The Open Throat
Just as with the forward tone, the meaning of the open throat is best brought out by contrasting the impressions made on the hearer by a perfect and a badly used voice. A badly produced tone seems to be caught, or as Tosi expressed it, "choaked in the throat." The singer's throat seems to be tightened and narrowed so that the sound has not sufficient passageway to come out properly. On the other hand, the perfectly used voice comes out freely, without interference or hindrance at any point in the singer's throat. There seems to be plenty of room for the tone to come forth; in other words, the singer's throat seems to be open.
All these impressions are purely a matter of sympathetic sensations. In listening to a faulty singer the hearer feels a sensation of tightness and contraction of the throat. A well used voice awakens exactly the opposite sensation, that of looseness and freedom of the throat.
Here again is seen the difference between correct and incorrect singing, empirically considered. Judging from the impressions made by rightly and wrongly used voices, any incorrect vocal action involves a condition of tightness and contraction of the throat. Perfect singing gives the impression that the throat is loose and supple, and free from all unnecessary tension.
The Support of the Tone
Following the plan of contrasting correct and incorrect singing, the meaning of this precept is readily found. The perfect voice is felt by the hearer to be firmly and confidently held by the singer in a secure grasp of the throat muscles. Such a voice awakens the sympathetic sensations of perfectly balanced muscular effect, similar to the muscular sensations of the hand and forearm when an object is firmly grasped in the hand.

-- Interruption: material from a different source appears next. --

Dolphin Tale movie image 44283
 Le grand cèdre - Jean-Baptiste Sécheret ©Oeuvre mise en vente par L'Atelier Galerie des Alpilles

A badly used voice seems to be convulsively gripped in the singer's throat. The tones seem to fall back into the throat for want of some secure base on which to rest. This impression is conveyed by a peculiar set of sympathetic sensations of highly unpleasant muscular tension far back in the throat.
This precept, "Support the tone," points to the difference already noted between the right and the wrong vocal action. Badly produced tones indicate a state of excessive tension of the throat muscles. Correct singing gives the impression that the throat muscles exert exactly the requisite degree of strength, and no more.
Taken together, the open-throat and the forward-tone precepts embody an admirable description of the sympathetic sensations awakened by perfect singing. The singer's entire vocal mechanism is felt to be in a condition of lithe and supple freedom. There is no straining, no constraint, no forcing, no unnecessary tension. Each muscle of the vocal mechanism, and indeed of the entire body, exerts just the necessary degree of strength.
Similar muscular sensations always accompany the expert performance of any action requiring a high degree of dexterity. Whatever be the form of exertion, skilful physical activity awakens muscular sensations of perfectly balanced and harmonized contractions. This feeling of muscular poise and adjustment is pleasurable in a high degree.